**Data provided:**
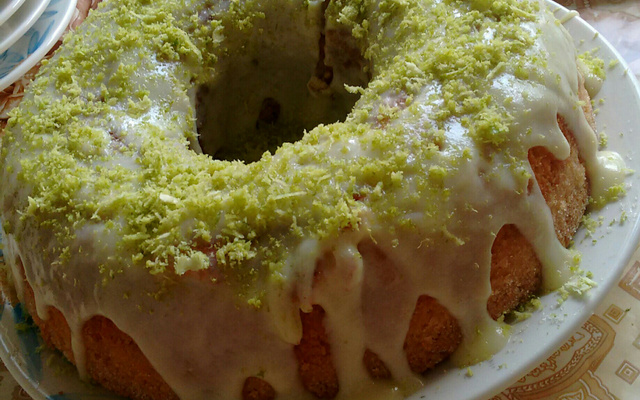 Bolo de limão cremoso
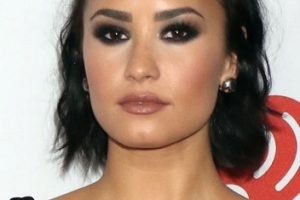 Fans Less Than Enthusiastic About Demi Lovato’s Adorable Bantu Knots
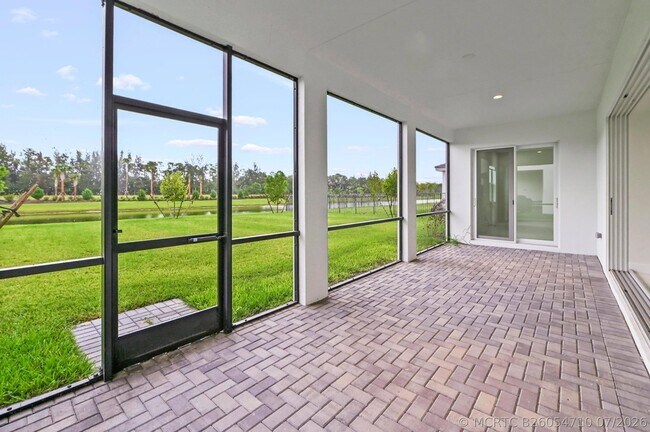 Foto del edificio - 15030 Wildwood Cir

**Task:** Output a faithful copy of the data, with each picture left out.

**Reply:**
 Bolo de limão cremoso
 Fans Less Than Enthusiastic About Demi Lovato’s Adorable Bantu Knots
 Foto del edificio - 15030 Wildwood Cir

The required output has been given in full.